ISSUE 181, article 3

DOI:https://doi.org/10.15407/kvt181.01.035

Kibern. vyčisl. teh., 2015, Issue 181, pp.

Hryshchenko Y.V., Skrypets A.V., Tronko V.D.

National Aviation University of Ministry of Education and Science of Ukraine (Kiev)

ANALYSIS OF THE CORRELATION FUNCTION OF THE GLIDESLOPE LANDING PATHS TAKING INTO ACCOUNT HUMAN FACTOR

Introduction. Nowadays,  proportion of accidents caused by the human factor (HF) is 80-90%. Despite the fact that these events are unlikely to happen, due to them at one time hundreds of lives may be taken away. Previous research works at assessment of change of integral-differential motor dynamic stereotype (IDDS) of pilot showed that the negative impact on the crew of factor overlays (FO) is simultaneously operating factors that often are imitated by failures in complex aircraft simulator significantly affect the quality of piloting technique (QPT). Stress caused by FO also leads to faulty actions. Simulation of FO action by implementation of complex failures on the simulator opens great opportunities for antistress training of pilots and the rest of the crew. Research has shown that in training certification centers approximately 70% of the pilots have no resistance to FO and the same pilots show the phenomenon of amplification of IDDS (PAIDDS), which is negative that there is an increase in the amplitude of the control motions that the operator does not notice without special training and equipment. It should be noted that the approach phase is the most accidental [1-3].
Motion Path of aircraft allows to determine the level of operator’s training, its psycho-physiological condition and quality of all elements of the aircraft.
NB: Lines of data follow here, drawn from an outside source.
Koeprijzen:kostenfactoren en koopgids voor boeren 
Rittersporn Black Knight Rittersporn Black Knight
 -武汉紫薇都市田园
More common problem statement is how to define the technical and psychological state of the operator-machine-environment (SOME) at approaching the landing.
The purpose of this work is to determine opportunities and formation of mathematical models of the aircraft control by correlation functions while entering the glide path to improve the quality of landing.
Conclusions. In this study there is established that is possible to control the trajectory of the aircraft on glide path by the correlation function by our proposed formulas, especially: description of the correlation function without influence of factor overlaps and on the glide path with periodic factor overlap.
There are considered various options entering the glide path of an aircraft. We derive the numerical values of influence of timeliness of entrance to the glidepath on the quality of the landing at the outstrip and delay and it is shown that the correlation function of delay on outstrip is decreasing faster. It is concluded that the delay in entering the glide path by the pilot is more dangerous than outstrip.
The obtained results require the implementation in production technology of flight to improve the quality of trajectory control of the aircraft movement.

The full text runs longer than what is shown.